# Ft Stewart



## Hillbilly stalker (May 9, 2017)

Hey guys, hope this isn't too repetitive.  As a non-resident vet from Sc, my research shows that I need a NR hunting license (3 days $20), a post permit $50(dd214) and pay a fee of $15 a day.  Am I missing anything ?  Are there any places to put a camper on post ?  Thanks in advance


----------



## BowArrow (May 9, 2017)

The $50 Fort Stewart permit is good for one year. Do not need the $15 daily. Will require you to register any gun before you go. Form is on FS gun registration web site. For archery, you must pass a shooting test. Orange vest is required. Good campground off of hwy 144. Hookup and primitive sites. I will be in primitive site next week and is $11 a night. Clean restroom and showers. Subway near campground. Must obey all regulations. They do not take excuses. Areas patrolled by MP and federal game wardens. Areas are numbered and must check web site daily to see if area is open for hunting. Legal weapons vary for various areas and can get confusing. You can check in and out of areas using your cell phone. Can not hog hunt during turkey season. They have skinning rack.


----------



## Hillbilly stalker (May 9, 2017)

BowArrow said:


> The $50 Fort Stewart permit is good for one year. Do not need the $15 daily. Will require you to register any gun before you go. Form is on FS gun registration web site. For archery, you must pass a shooting test. Orange vest is required. Good campground off of hwy 144. Hookup and primitive sites. I will be in primitive site next week and is $11 a night. Clean restroom and showers. Subway near campground. Must obey all regulations. They do not take excuses.

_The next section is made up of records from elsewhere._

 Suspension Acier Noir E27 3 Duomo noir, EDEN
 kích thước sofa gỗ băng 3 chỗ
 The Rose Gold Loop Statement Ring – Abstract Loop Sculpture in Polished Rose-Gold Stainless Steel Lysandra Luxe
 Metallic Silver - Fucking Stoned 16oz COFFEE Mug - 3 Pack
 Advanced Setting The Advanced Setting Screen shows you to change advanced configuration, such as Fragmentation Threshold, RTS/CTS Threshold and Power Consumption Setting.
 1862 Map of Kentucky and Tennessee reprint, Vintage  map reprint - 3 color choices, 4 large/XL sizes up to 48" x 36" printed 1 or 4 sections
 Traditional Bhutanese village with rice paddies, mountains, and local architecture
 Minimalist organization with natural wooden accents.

Areas patrolled by MP and federal game wardens. Areas are numbered and must check web site daily to see if area is open for hunting. Legal weapons vary for various areas and can get confusing. You can check in and out of areas using your cell phone. Can not hog hunt during turkey season. They have skinning rack.



thank you sir.  When is turkey season over ?


----------



## GLS (May 10, 2017)

You will also need to have a hunter's safety certification card to be eligible for a pass and you will need to have it on you at all times.  This is a trip wire for many.  Turkey season ends May 15.  Gil


----------



## BowArrow (May 10, 2017)

Thanks GLS. I forgot safety card which is important. I would suggest reading all FS hunting regulations. You can not use a road if the areas on both sides are closed. Sometimes you must go out of the way to get to an area you want to hunt. If you ask some of the FS hog hunters on this site, they will help you with some of the good areas. I would help but have just recently started hog hunting at FS although I did bow hunt deer in the 60's, 70's and 80's. Lot of game at FS. Wish it was a little closer.


----------



## Hillbilly stalker (May 10, 2017)

Man thanks guys, I appriciate all the info. It's 4 1/2 hour drive and I want to have all my ducks in a row when I get there.  I called today and the lady wasn much help at the permit office.  She just said they were switching to I sportsman and keep checking.  Is there a map anywhere that shows what weapon is allowed where ?


----------



## robert carter (May 11, 2017)

There is a map showing weapons. Google fort stewart hunting and you can get a lot of info. Those Ladies at pass and permit are really nice but know very little about the rules.  When I have a question I go talk to the game warden. RC


----------



## GLS (May 11, 2017)

Some of the game wardens are good fellows and knowledgeable.  However, it's best to rely on the SOP for what you can do or not do which is published online.  Print it out and carry it with you, but read it.  It's 44 pages.  Recently a game warden saw my buddy's turkey shotgun in the bed of his truck.  Well-meaning he told him he wasn't going to write him up, but warned him a "younger" game warden might.  The GW didn't know the reg.  Regs distinguish between weapons under and over 21".  His clearly was over 21" which can be in open view, uncased and unloaded anywhere in vehicle, or cased and unloaded, or in a storage compartment, unloaded.  Ammunition in  separate place.  Page 13 (c).   There are three options for transporting a shotgun in other words.  Some wardens confuse and mix up the more restrictive rules for weapons under 21" with those of weapons over 21".  Then there was the time a young warden escorted a buddy out of the woods for hunting with a .410 which he said was illegal.  The head warden straightened out the younger one.
It seems silly that one has to carry the hunter safety card at all times as one can't get a permit without first showing it at pass and permit.  However, the regs require it to be carried on one's person at all times and that's why it's enforced.  Page 7 (c).
http://www.stewart.army.mil/info/?id=448&p=19


----------